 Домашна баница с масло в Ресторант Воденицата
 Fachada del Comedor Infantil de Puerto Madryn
□ □ □ □ □
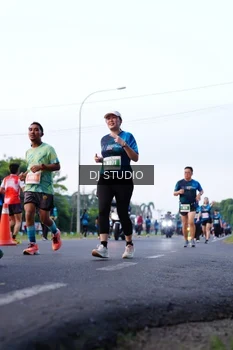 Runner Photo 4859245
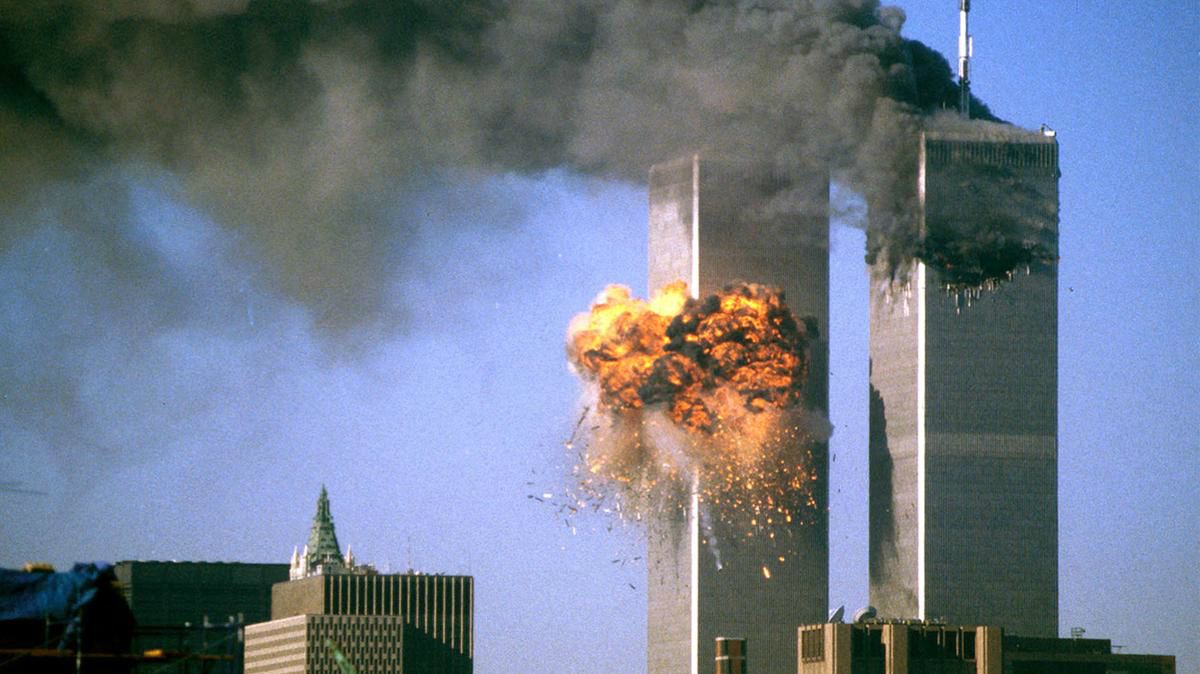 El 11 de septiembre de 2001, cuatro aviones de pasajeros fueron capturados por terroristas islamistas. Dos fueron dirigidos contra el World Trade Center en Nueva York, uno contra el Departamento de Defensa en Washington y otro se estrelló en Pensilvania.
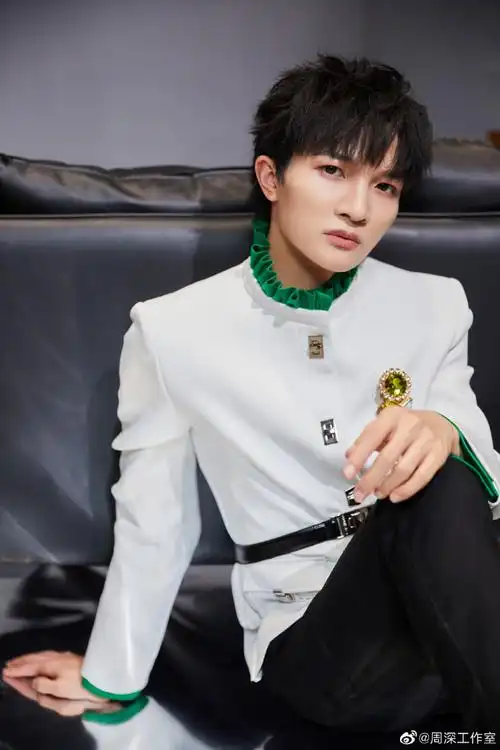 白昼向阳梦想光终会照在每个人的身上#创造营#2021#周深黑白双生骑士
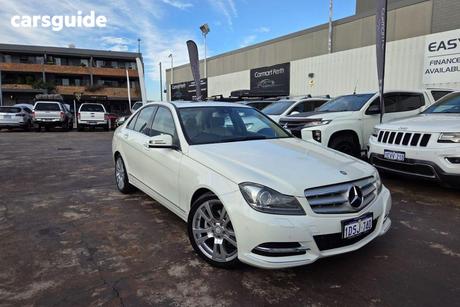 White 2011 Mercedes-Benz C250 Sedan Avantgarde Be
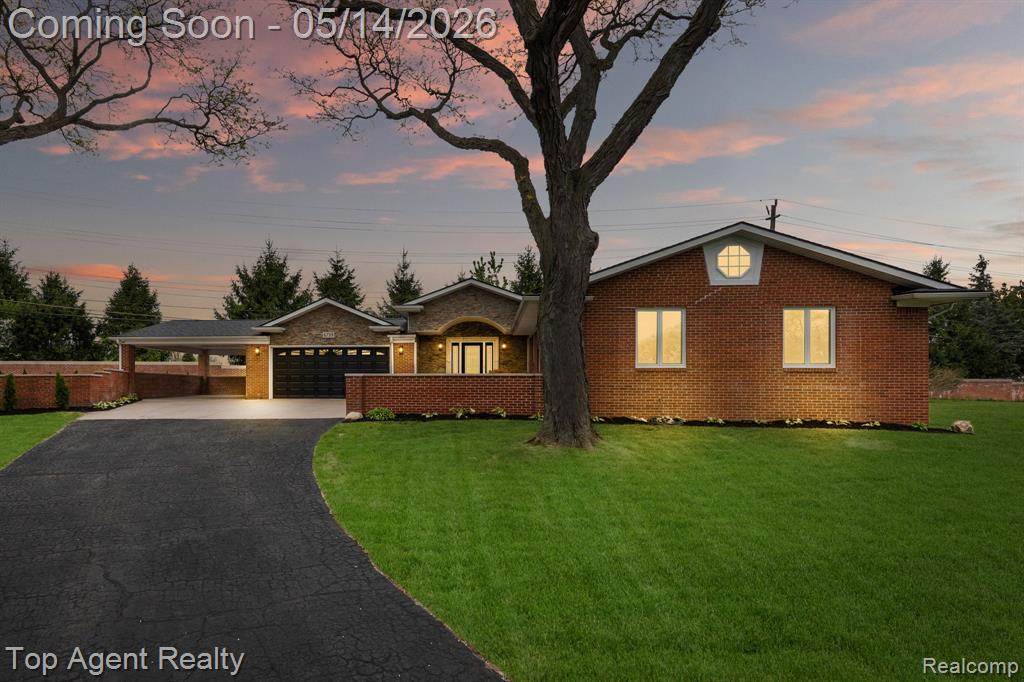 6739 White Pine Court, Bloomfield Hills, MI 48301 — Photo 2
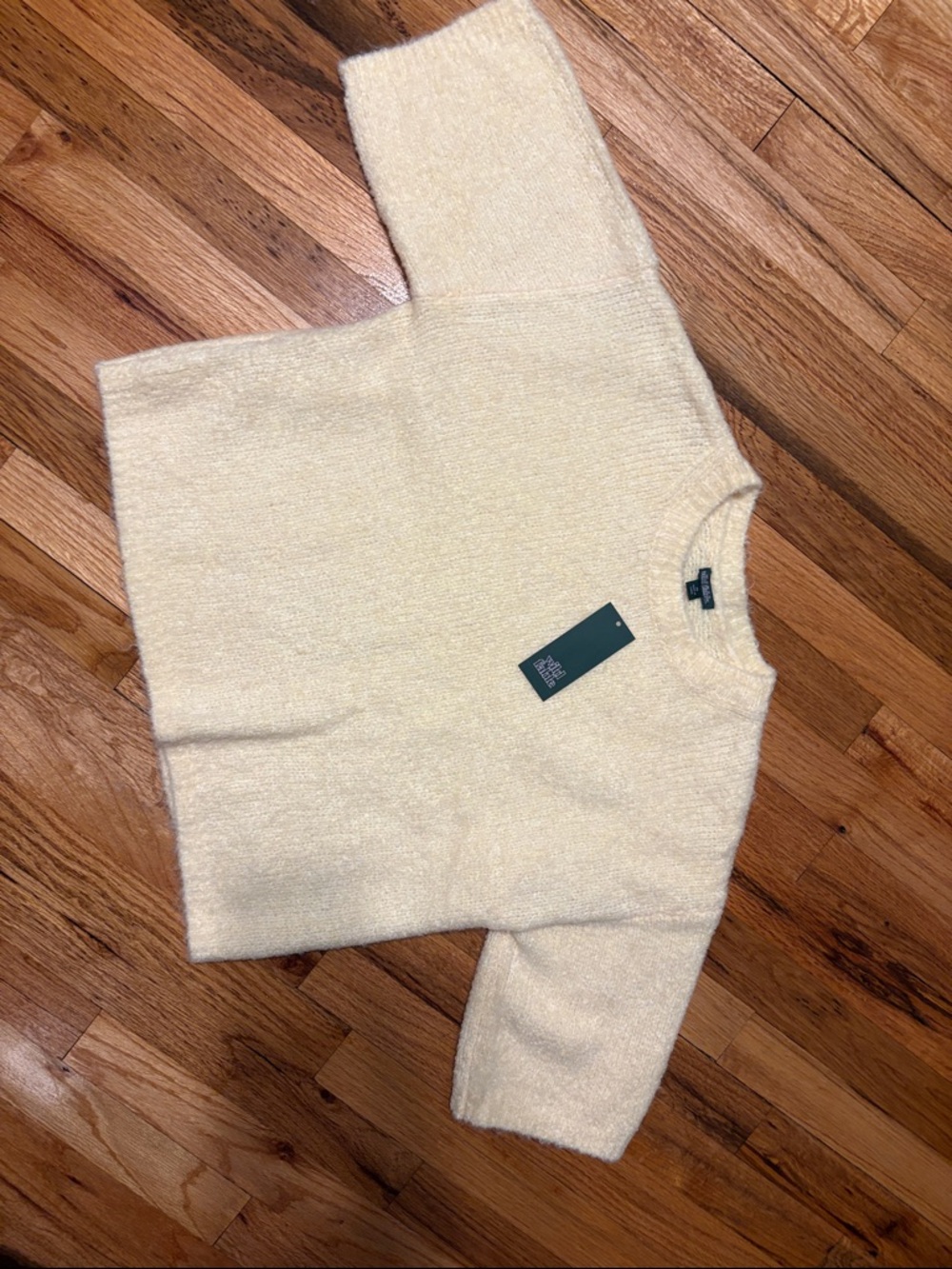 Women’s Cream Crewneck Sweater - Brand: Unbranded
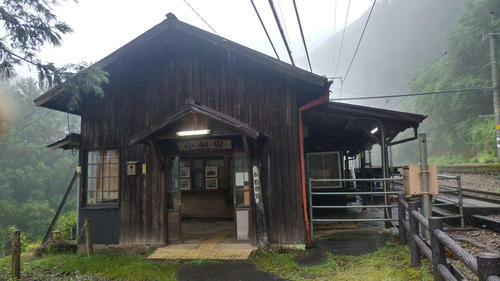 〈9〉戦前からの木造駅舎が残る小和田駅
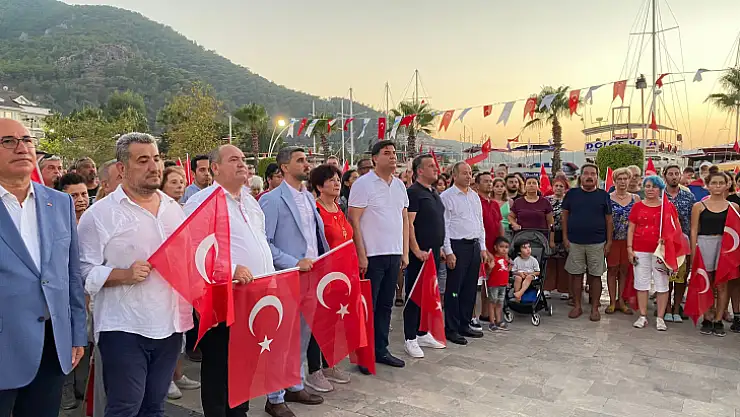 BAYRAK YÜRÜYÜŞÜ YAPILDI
□ □ □ □ □
■ TASK ITEM: In the listing above, find the line containing "Runner Photo 4859245". Output it and every line after it up to and including the line containing "BAYRAK YÜRÜYÜŞÜ YAPILDI", exactly, but skip the pictures.

■ PROBLEM SOLUTION:
 Runner Photo 4859245
 El 11 de septiembre de 2001, cuatro aviones de pasajeros fueron capturados por terroristas islamistas. Dos fueron dirigidos contra el World Trade Center en Nueva York, uno contra el Departamento de Defensa en Washington y otro se estrelló en Pensilvania.
 白昼向阳梦想光终会照在每个人的身上#创造营#2021#周深黑白双生骑士
 White 2011 Mercedes-Benz C250 Sedan Avantgarde Be
 6739 White Pine Court, Bloomfield Hills, MI 48301 — Photo 2
 Women’s Cream Crewneck Sweater - Brand: Unbranded
 〈9〉戦前からの木造駅舎が残る小和田駅
 BAYRAK YÜRÜYÜŞÜ YAPILDI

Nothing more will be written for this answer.